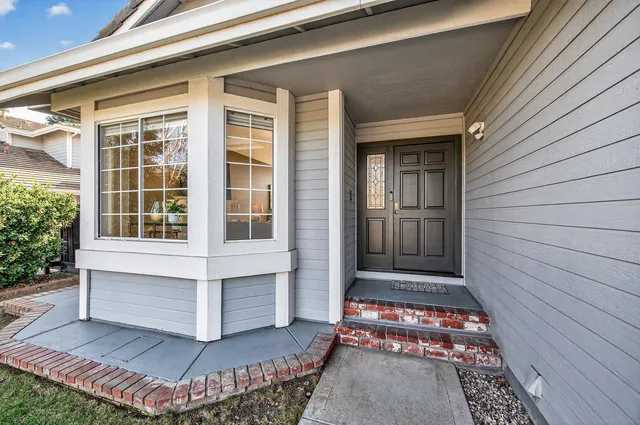 $1,875,000 | 3473 Edinburgh Drive, Livermore, CA 94551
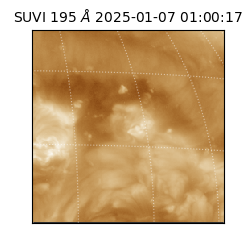 suvi - 2025-01-07T01:00:17.469000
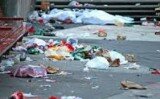 Council leader’s cross-party devolution plan to ‘take the politics out of street cleaning’ Council leader’s cross-party devolution plan to ‘take the politics out of street cleaning’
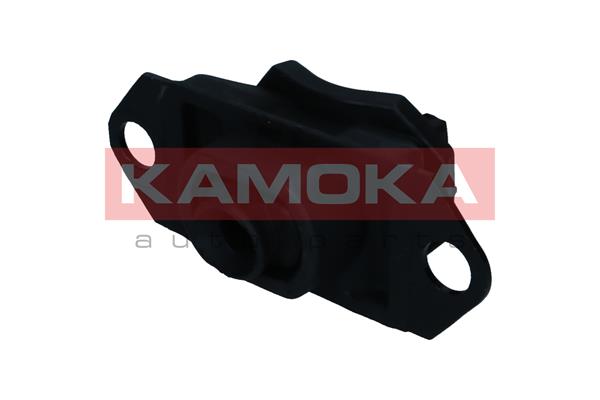 Engine Mounting - 890414 KAMOKA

* Work to complete
Write out the data precisely as given, excluding the pictures.

* Solution
 $1,875,000 | 3473 Edinburgh Drive, Livermore, CA 94551
 suvi - 2025-01-07T01:00:17.469000
 Council leader’s cross-party devolution plan to ‘take the politics out of street cleaning’ Council leader’s cross-party devolution plan to ‘take the politics out of street cleaning’
 Engine Mounting - 890414 KAMOKA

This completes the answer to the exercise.